In early December 2014, we received a letter from a comrade who had recently run into a number of revolutionaries who had been held in Pelican Bay SHU since it opened in 1988. He wrote,

I am writing to say thank you for all of your work and all that you do for us convicts, political activists, freedom fighters and all parties of the struggle. The last hunger strike achieved a lot. Many of the political prisoners housed in Pelican Bay have been released, due to the step down program. Some have been released to step 5 – mainline. Others step 3 and 4 at Corcoran I, or Tehachapi SHUs. But they are close to getting out there. I had the pleasure of talking with [a handful of these comrades] on the bus from Pelican Bay. All of the individuals mentioned had been in Pelican Bay since it opened in 1988, and had arrived from Tehachapi.

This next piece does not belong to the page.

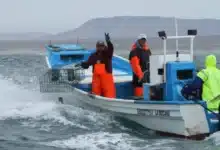 Chiapas entra en temporada de aprovechamiento de ostión de roca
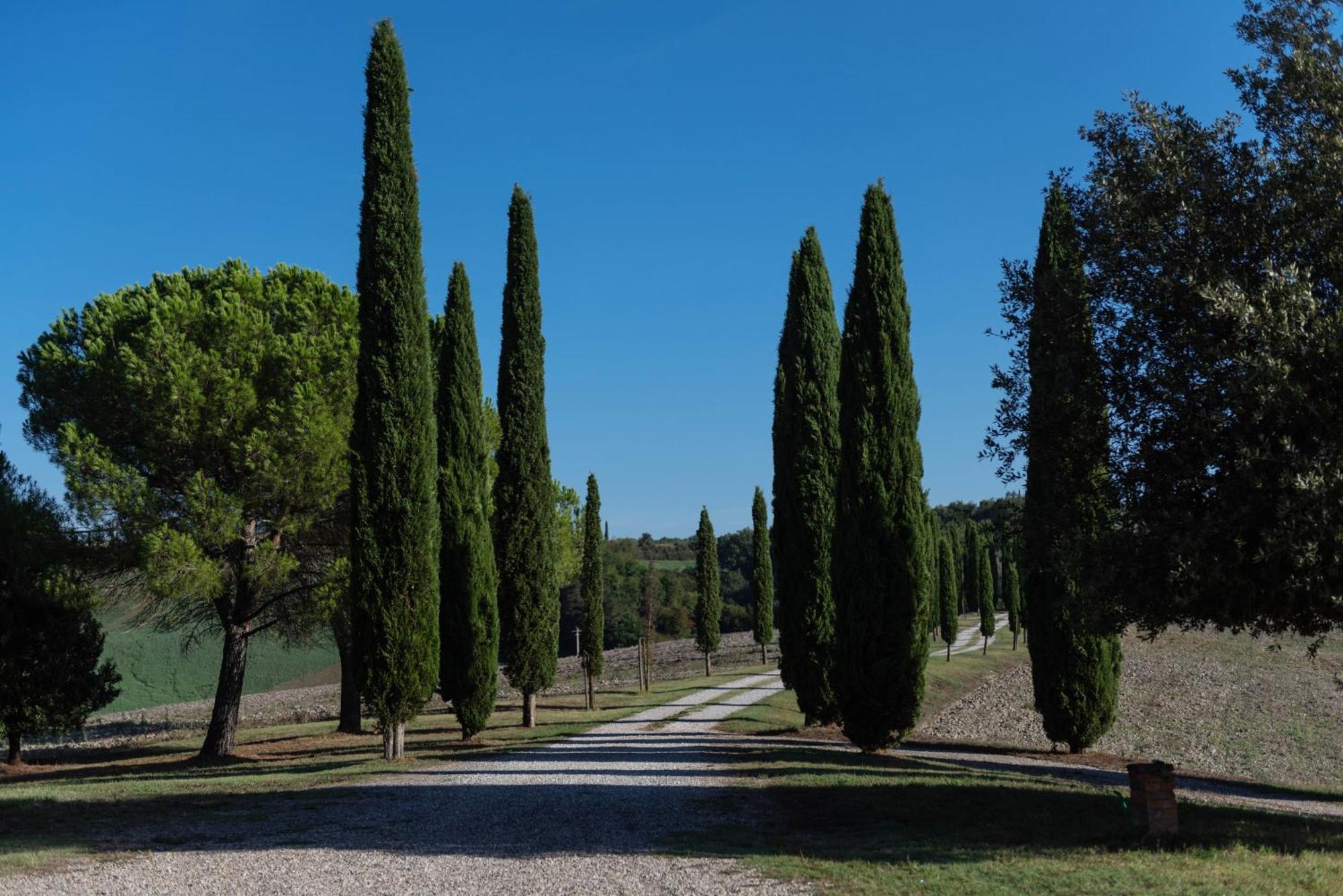 Villa Cucule Siena Esterno foto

We spoke candidly about many things and all parties expressed a deep desire to push and maintain the Agreement to End Hostilities. Even the youngsters smiled and saluted the end to the senseless racial violence of old. For we can overcome obstacles and achieve our definite chief aims by understanding the true cause of our racial divides, which were always perpetuated by the administration to bring about our demise.

Our 20 representatives are doing a great job to maintain order and a common goal. By 2017 or 2018 the entire leadership from all sides should be out. Once that happens I would love to see all political and revolutionary parties establish a round table, power house, to jointly and successfully build the most powerful revolutionary structure the United States have ever known.

We are pleased that some of the leaders in Pelican Bay will be gaining relief from decades of solitary confinement soon. But we need to be clear that the Step Down Program being employed will not have an overall positive effect. In the article “(Un)Due Process of Validation and Step Down Programs” from ULK 41, cipactli explained how the Step Down Program to get out of isolation actually legitimizes the validation process, and why they will not be participating in it. And there is still no plan by the state of California to shut down the torture cells altogether, as new prisoners continue to fill the empty spots. Even this comrade notified us of plans for another strike in Corcoran where the state has not upheld its end to the agreement made after the 2012 strikes. Getting some people out of the torture cells may create opportunities, but alone it doesn’t change the conditions overall. We must push a campaign of total abolition of the SHU.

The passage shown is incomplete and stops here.